We’ve been in this consumer-driven economy over the past couple of years and the cycle would say that manufacturing won’t stay down forever, regardless of a new administration. I think the fracking business is really dependent on the price of oil, which has continued to be low. I wouldn’t expect that those markets would come back too strong very soon. I also don’t expect the flatbed market or industrial businesses to cause an increase in demand that would impact capacity at least through the first half of the year.
When it comes to manufacturing, I think that shippers are looking to shorten their supply chain, and where they decide to keep inventory and manufacture goods will likely be determined through legislation from the new administration. Things that have once been sourced from China might change to source from Mexico with a cross-border strategy, or domestically within the US. Manufacturing in Mexico, cross-border business, and the demand of freight inbound to the US may all be impacted.
What should shippers take into consideration in 2021?
This year has really made the shipper community think about who they partner with and overall provider value. The value that NFI provides to shippers is not just our assets, trucks, warehouses, or non-asset services, but it’s that we focus on our strategy. Delivering customer value, innovation, continuous improvement, and developing talent and people, ultimately provide customers with the resources they need to execute and be relevant in the future. They need to understand what they get out of the relationship long term.
Do you think that shippers are going to reevaluate how often that they are looking at their providers?
I talk a lot about volatility and change, and the ability to adapt to change is more important now than ever. So when you think about how customers run their procurement cycles, long ago it was on a more biannual basis. Then it started to become on an annual basis. Today we’re starting to see customers conduct their procurement events either on a semi-annual basis or a quarterly basis in order to stay on the leading-edge of change. If they are slow to adapt to the market, they’ll be left without the ability to move freight when capacity gets tight; other shippers in the market will take advantage of the equipment that’s available, and they’re going to struggle to move freight. If they continue to look at partnering with the right people and running more frequent procurement events to keep what they’re paying to their partners in line with the marketplace, that’s probably best practice right now to go to market.

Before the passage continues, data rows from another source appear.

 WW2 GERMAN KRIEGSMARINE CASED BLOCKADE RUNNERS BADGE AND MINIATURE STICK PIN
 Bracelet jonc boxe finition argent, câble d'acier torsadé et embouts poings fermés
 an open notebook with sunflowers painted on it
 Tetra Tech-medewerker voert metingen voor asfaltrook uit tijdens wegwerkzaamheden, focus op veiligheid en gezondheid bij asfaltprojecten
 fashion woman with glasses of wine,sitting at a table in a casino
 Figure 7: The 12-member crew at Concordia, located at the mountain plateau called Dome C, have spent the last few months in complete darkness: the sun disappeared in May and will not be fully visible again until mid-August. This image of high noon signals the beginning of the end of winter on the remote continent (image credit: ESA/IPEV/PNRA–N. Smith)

How do you see NFI helping shippers in the new year?
So 2021 is uncertain and could continue to be volatile, similar to 2020. The reality is that we don’t know, and there are certain things that we can and cannot control. Continuous improvement, innovation, and most importantly, our people, are the value that we provide to our customers. Our people have shown the ability to adapt, to change, and be resilient in the face of adversity. Let’s be honest, 2020 has not been an easy year for the shipper community and the providers that service them, but our people have found a way to get things done for our partners. I think that the value that we will bring to our partners in 2021 is the ability to get it done no matter what the environment, and do it better than our competitors.

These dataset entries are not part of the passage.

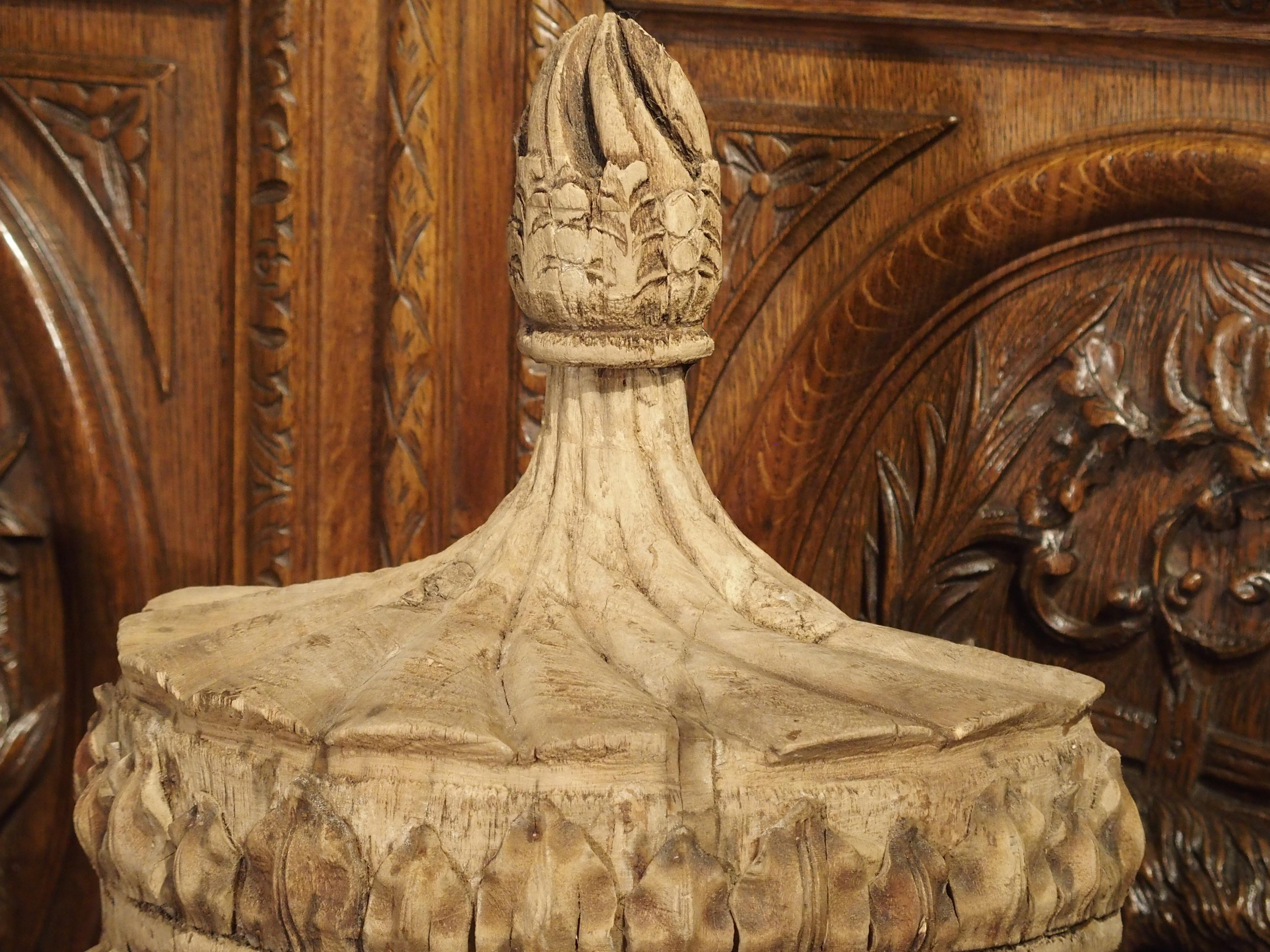 These elegant hand carved, wooden half urns are in the neoclassical style of England. The main theme of these half urns is the display of foliate motifs, with the encircled stylized sunflowers being the only exception. Separate, larger leaves have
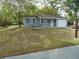 Well-maintained single-story home featuring blue siding, a one-car garage, and a landscaped front yard with mature trees at 10955 Sw 89Th Ave, Ocala, FL 34481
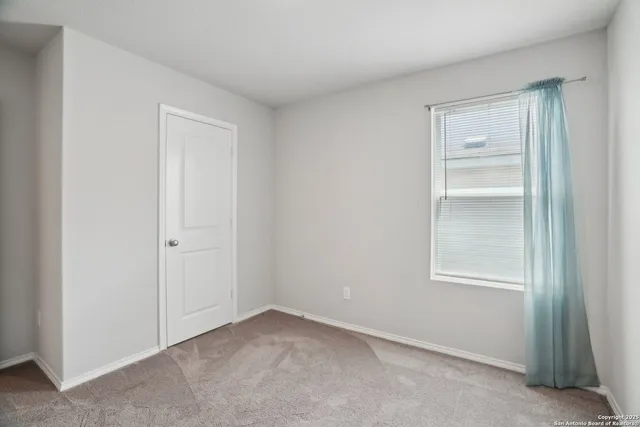 a view of an empty room with closet and a window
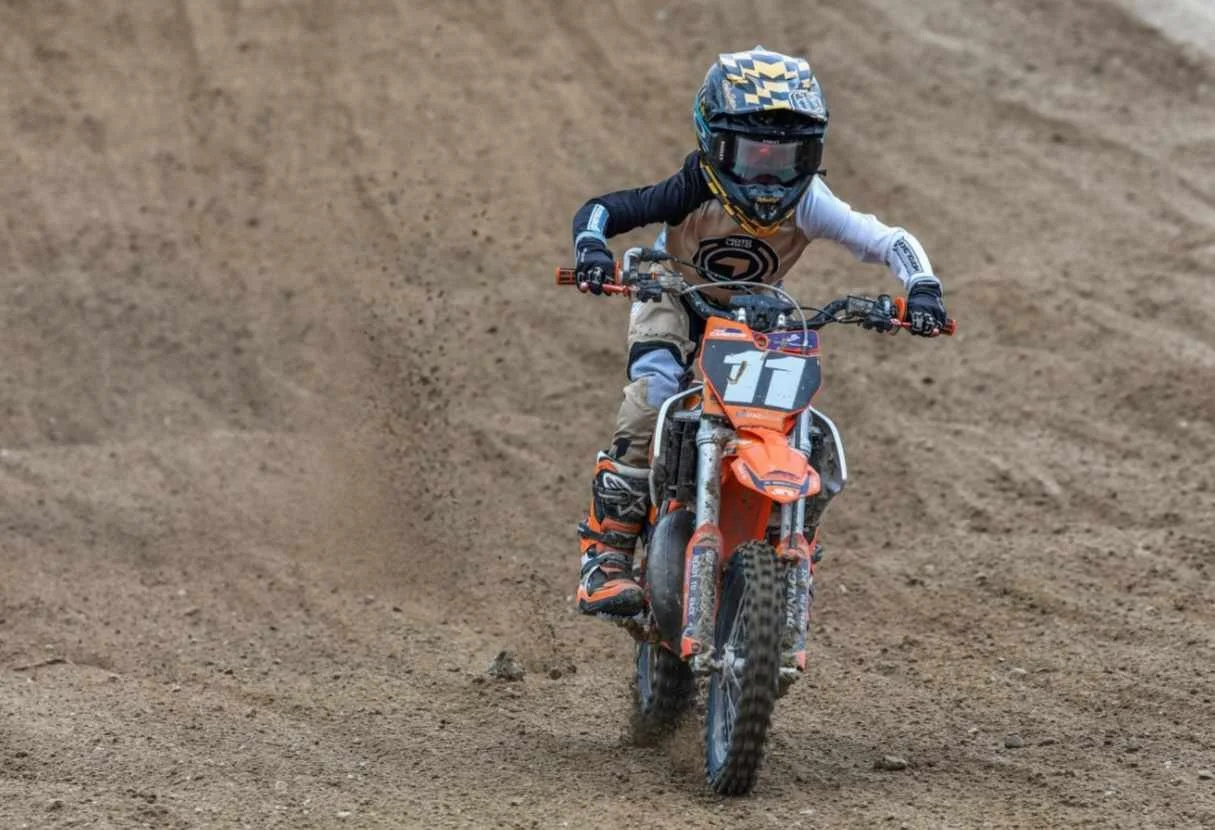 Young motocross rider wearing a helmet and protective gear riding an orange dirt bike on a dirt track.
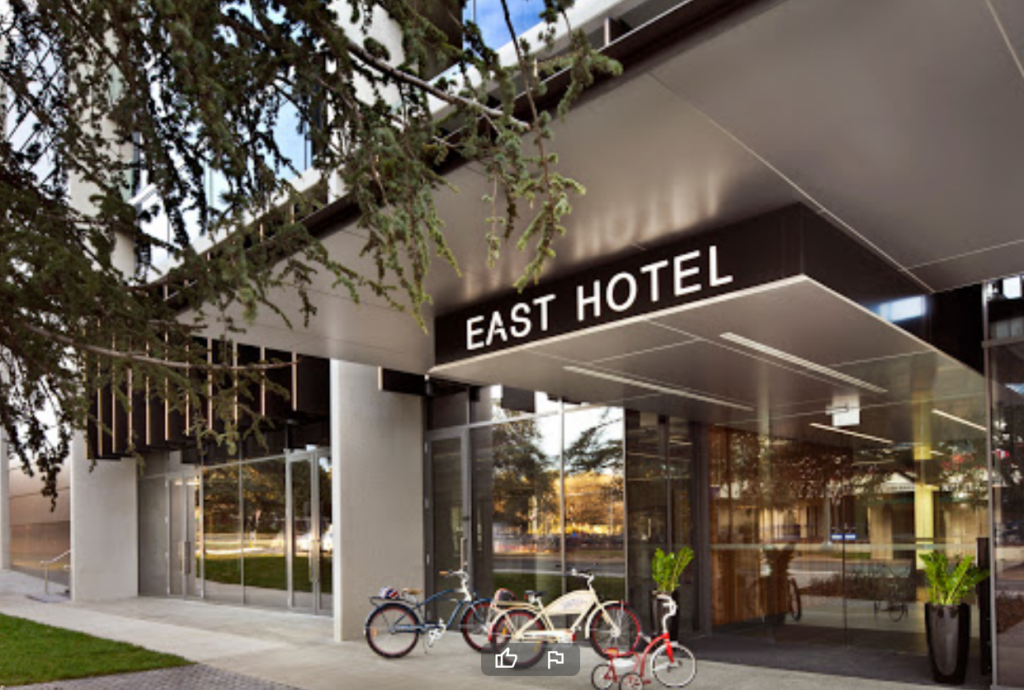 East Hotel entrance , 2 bicycles and a childs tricycle out front of the glass doored entrance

What are you most excited about in 2021?
I’m excited about change. With volatility comes opportunity. We’ve worked to get through a difficult time in 2020, it seems like it’s been three years rolled into one. And I think that I’m excited to get back to seeing people more frequently when the pandemic is under control and travel opens up a bit more. I’m excited to see our people again and connect with the relationships throughout our organization.
I’m really excited to see our customers again. I’ve been seeing customers consistently over the past 20 years, and now I haven’t been on a plane since February and live in a virtual world. It’s the people that make the difference, so seeing our customers and really having the opportunity to spend some time with them to further develop the relationships is something that I look forward to.
Aaron is a senior leader within NFI Brokerage, which is made up of 250 employees spanning across 10 locations in North America. With more than 40,000 carrier partners, NFI’s brokerage capabilities span committed capacity, refrigerated, consolidation, flatbed, over-dimensional, intermodal, car hauling, final mile, and more, moving more than 300,000 shipments annually for its customers.